I have to say, I was really ready and prepared for it and she was really cool. She said that in many cases, PPD comes from a woman's feeling of inadequacy - ie, I'm not good enough to be a mother, I don't know how to do this, etc. She said that in many cases, too, if there is an issue with the birth of something post birth - an unexpected c-section or trouble nursing (I had trouble nursing) that can trigger it in people who are candidates for it. The encouraging news she had for me was that it sound like in my case, it is really that my body is super-tuned in to hormonal changes which is why I have these reactions but also why it ended so abruptly at around 8-10 weeks postpartum when hormone levels start to get back to normal and breastfeeding was on track etc. She said that we won't be able to completely avoid it, but that by managing my stress levels and working through some of the issues that I addressed, that we should be able to make it more manageable. Plus, by having her know me fairly well, we'll also be ok because if I do sink into a bad depression, she will already know me, my life, my issues, my history etc and be able to better help me.
I've got to tell you - I feel great.
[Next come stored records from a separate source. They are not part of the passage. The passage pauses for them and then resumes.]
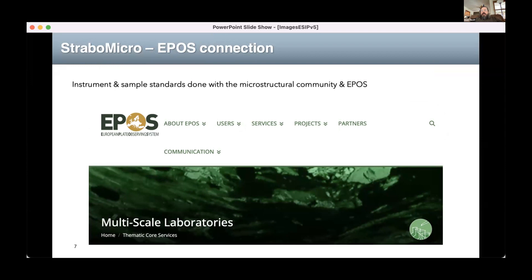One thing Strabo Spot has done very well through the years is getting the community involved — not at an end stage but throughout the whole process. We are truly a community-driven activity, involving people in developing our own standards. Despite funding difficulties, we managed to do this internationally because EPOS — the European Plate Observing System — was working on similar issues at the same time, and we joined forces on both experimental deformation and microstructures and the metadata associated with equipment.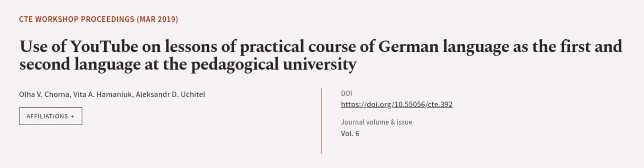This article was authored by Ol V. Korna, Vita A. Maniak, and Alexander D. Ucadal. We are article.tv, links in the description below.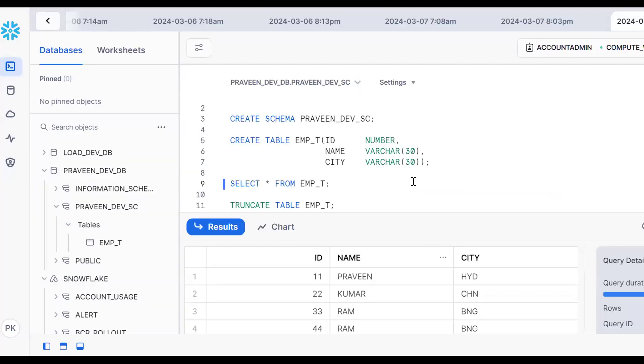We can also work with different types of file formats. If you like the content, subscribe and share the channel. Thank you for watching.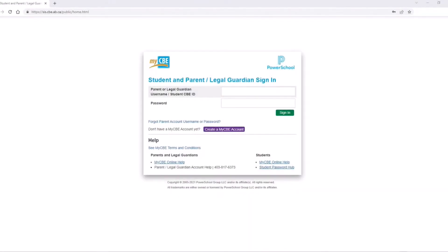In today's video, we will be reviewing how to create a MyCBE account for parents and legal guardians.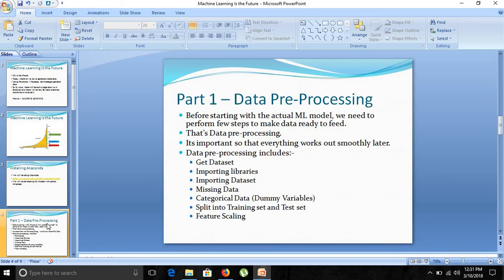Let's start with machine learning. Part one is data preprocessing. Before starting with the actual machine learning model development, we need to perform certain steps to make our data ready to feed into the model. Consider this analogy: like going out for a picnic, you need to pack your bags and check whether your flight or train is on time — that is the data preprocessing part, the preparation before actually getting started.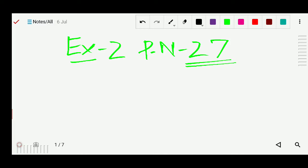Good morning students. Today we will study chapter 2, exercise 2: Roman numerals. We will solve the first question: copy and fill in the blanks to show the meaning of each of these numerals.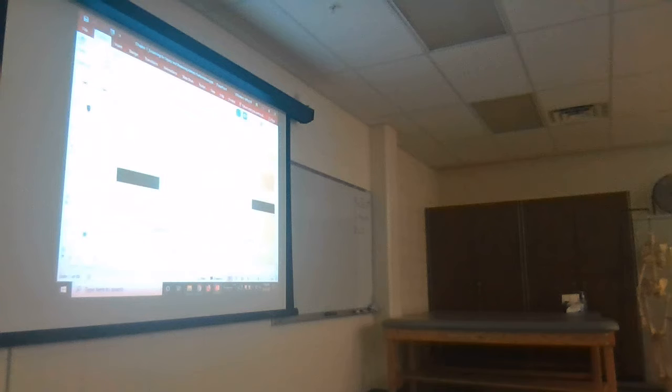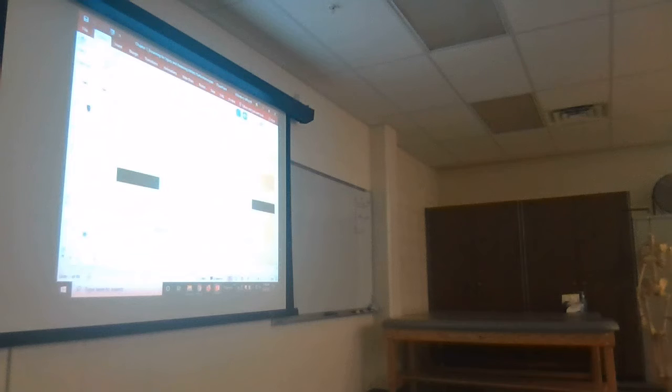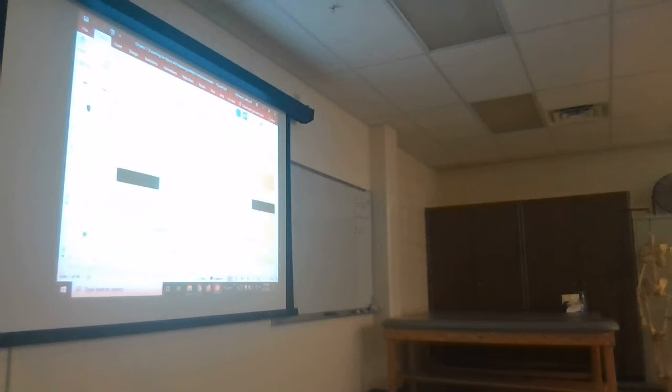Dual energy x-ray absorptiometry—where does that fit? Three components. We can separate the lean component into skeletal and bone components, and then there's the fat mass component. Those are the three components of dual energy x-ray absorptiometry. It's a very good method of body composition assessment—there's about a 1.6% difference in body fat assessed by DEXA versus MRI, so it's pretty close.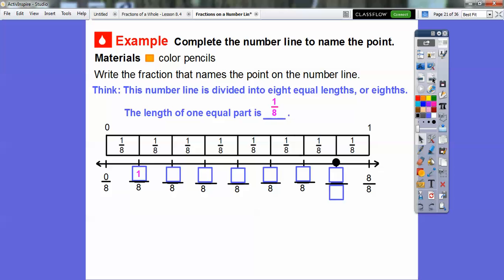So this is one-eighth, this is going to be two-eighths. Let's keep going: there's two-eighths, three-eighths, four-eighths, five-eighths, six-eighths. What's this one going to be? This one's going to be seven-eighths right there — and that's what we're looking for.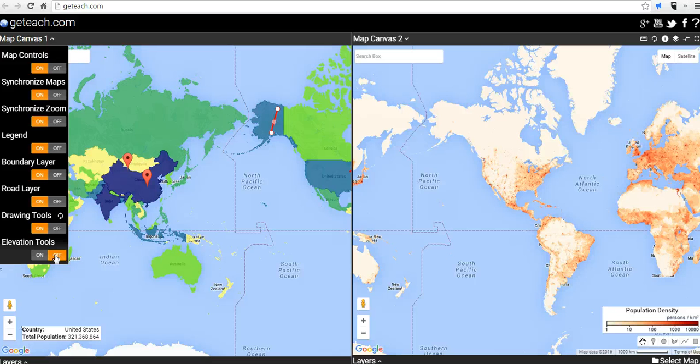Those are some of the things you can do in GE Teach. It's a great tool for comparing map layers and doing some simple drawings and measurements around the world. For more tips and tricks like this, please check out freetechforteachers.com.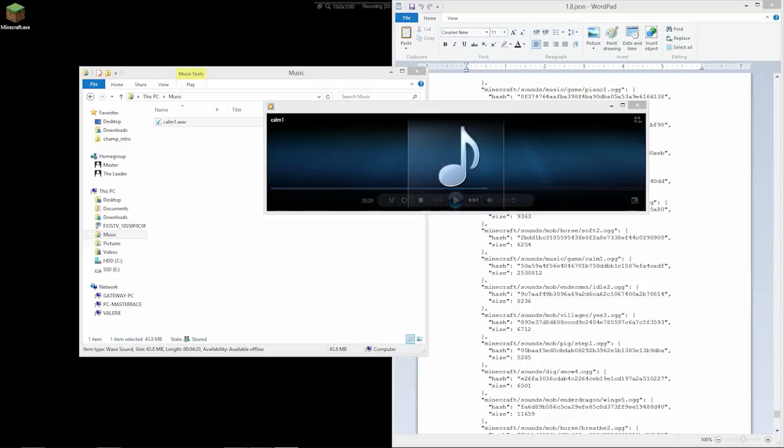Alright. So that's how you extract sounds. Now, doing these one by one, well, you can actually do multiple files with VLC. But doing these individually is a very tedious process.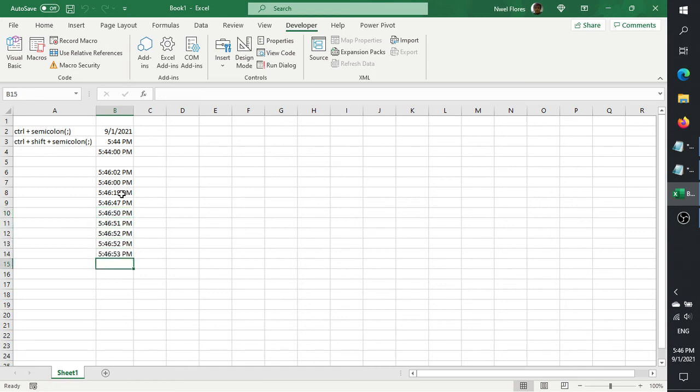For practical purposes, for example if you're making a time and motion study, you can use this to get the interval between two time values including the seconds. So that's it — I hope you find this useful.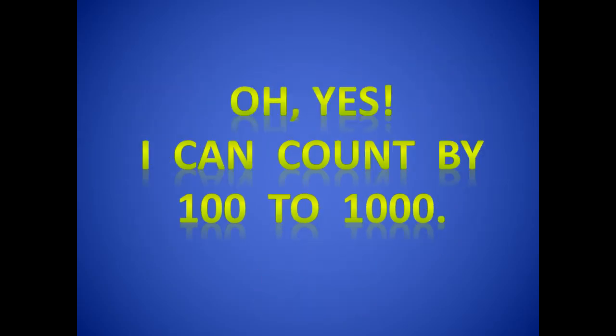Oh yes, I can count by 100 to 1000. Good job.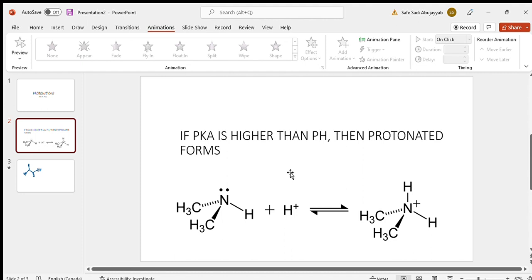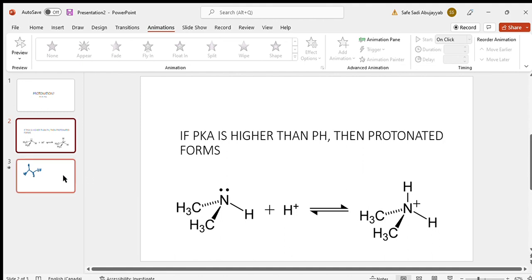The rule is: if the pKa of the molecule is higher than the surrounding pH, it's protonated — meaning it gets extra hydrogens. For example, if we have NH and its pKa is higher than the surrounding pH, the protonated form becomes NH2+. When you gain a hydrogen or proton, you get that positive formal charge.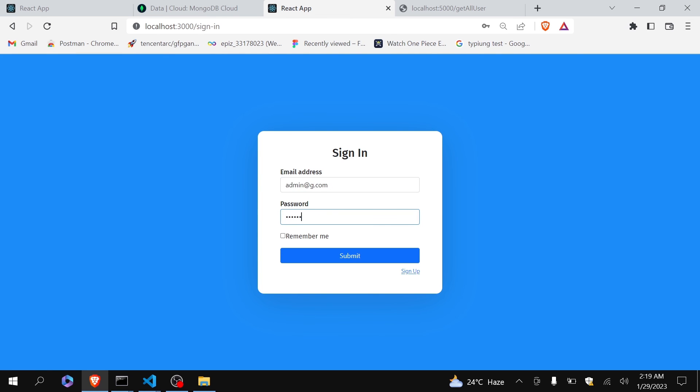So now I should be redirected to the screen where all the users should be displayed, and you can see that yes it is working fine.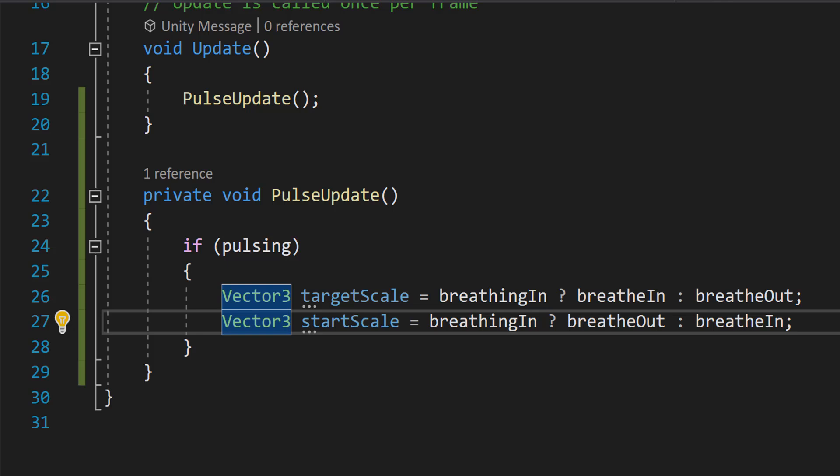targetScale is assigned breatheIn if breathingIn is true, otherwise it's assigned breatheOut. And startScale is assigned breatheOut if breathingIn is true, otherwise it's assigned the breathingIn vector. This means if the object is currently breathing in, it will transition from breatheOut to breatheIn. And if it's breathing out, it will transition from breatheIn to breatheOut to create a good pulse or breathing effect.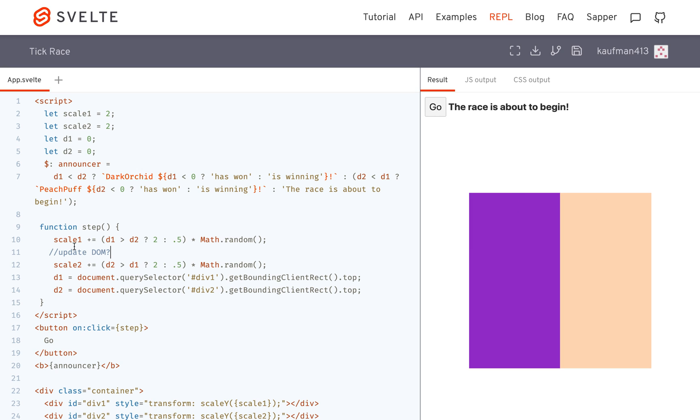But Svelte is going to wait until other aspects of the state have been changed. So it's going to wait, they call them microtasks I think. And so it's going to wait till anything else that might be affecting the DOM is done computing, and then it'll update it.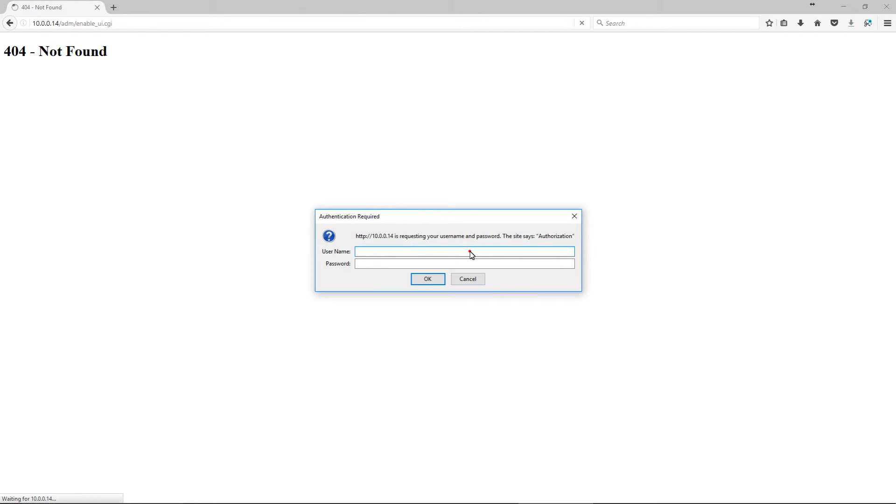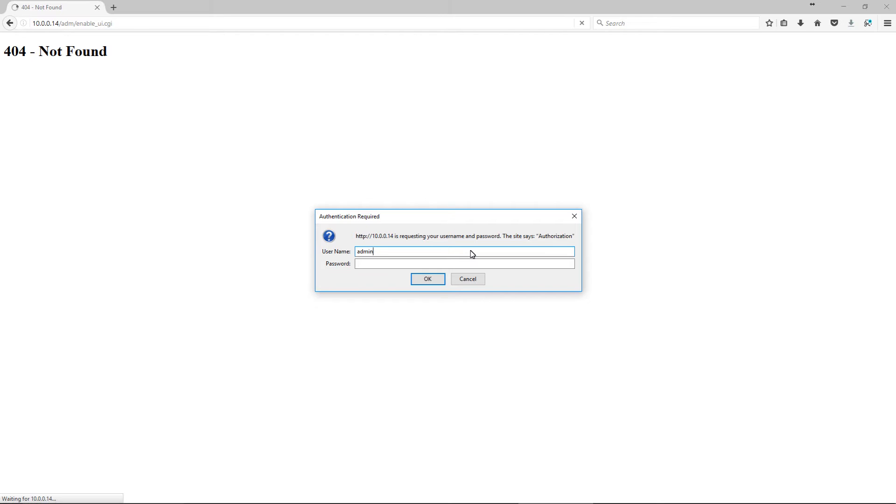Now if you did a factory default on this, the username is administrator. I lost my place, I've got stitches on my fingers. Sorry I'm pecking with a couple of fingers here. Okay, so you got an OK at the top. That means the UI is unlocked.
I was never someone who was big on therapy - I watched my whole family go through it and in the 80s when I was a teenager they kept trying to put me in and all the shrinks said look, you're dealing with normal teenage stuff, and we can help you with it but you are also normal and can handle it on your own if you so choose, which I did. But this time, knowing what happened after Sam was born, I really do want someone to know about the things that set me off, the things that make me feel stressed - and maybe, possibly, help me to work through them a bit. Who knows, maybe it is a sign of maturity, or maybe it is just a typical 30-something kind of reaction to my life as I know it, but I really think this is the right thing. I spoke to DH about it, too, and he was totally wonderful and supportive about what I spoke with her about today and really thinks that I am doing the right thing and is happy to think we can work to manage it without medication and is supposrtive of me trying to work through some of the stresses and insecurities I have. So I am very pleased about it all. better yet, my insurance covers about 50% of each visit, so it is financially manageable, too!
I hope that everyone does know that I take all of this very seriously and I would never belittle anyone else's experience or say that something is definitely going to cause PPD for someone. Obviously we all are different, but the thing to note is that PPD is more prevalent than many people think and I think it is important to deal with the possiblity of it in whatever way is right for each individual. One alternative therapy I have heard is incredibly successful is light therapy, and I'd be interested in that. As well as acupuncture. So if anyone would like to talk more about this topic, I'd be open to sharing moe about my experience and how I plan to deal with it this time around, as well. It is hard for me to admit vulnerabilities, but I know that I need to do that and that it is also ok to not be perfect, and hopefully just being able to say that and know that it is true will helpme to be stronger emotionally this time after delivery.